When $$D = 0$$, the lines are either parallel (no intersection) or coincident (infinitely many intersections). Parallel lines have the same slope but different intercepts, while coincident lines are the same line expressed differently.

The angle between two intersecting lines with slopes $$m_1$$ and $$m_2$$ is:

$$\theta = \arctan\left|\frac{m_1 - m_2}{1 + m_1 m_2}\right|$$

This formula gives the acute angle between the lines. If $$1 + m_1 m_2 = 0$$, the lines are perpendicular ($$\theta = 90°$$).

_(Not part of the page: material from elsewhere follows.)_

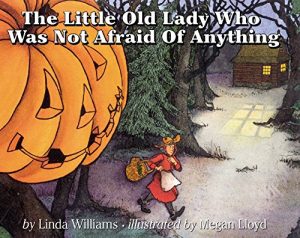 little-old-lady-cover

Finding the intersection of two lines is a fundamental operation in computational geometry. In computer graphics, ray-line intersection tests determine visibility and collision detection. In economics, supply and demand curves intersect at the market equilibrium point. In navigation, the intersection of two bearing lines determines a ship's position (triangulation). In civil engineering, road intersections are designed by computing where centerlines meet. In linear programming, the feasible region's vertices are found by intersecting constraint lines, and the optimal solution often lies at one of these vertices.

Cramer's Rule extends naturally to higher dimensions. For three equations in three unknowns, the determinant of the 3×3 coefficient matrix determines whether a unique solution exists. The method is conceptually elegant but computationally expensive for large systems, where Gaussian elimination or matrix factorization methods are preferred. Nevertheless, for 2×2 systems, Cramer's Rule is efficient and yields closed-form expressions.

The determinant $$D$$ also has a geometric interpretation: its absolute value equals the area of the parallelogram formed by the coefficient vectors $$(a_1, b_1)$$ and $$(a_2, b_2)$$. When this area is zero, the vectors are parallel, and so are the lines.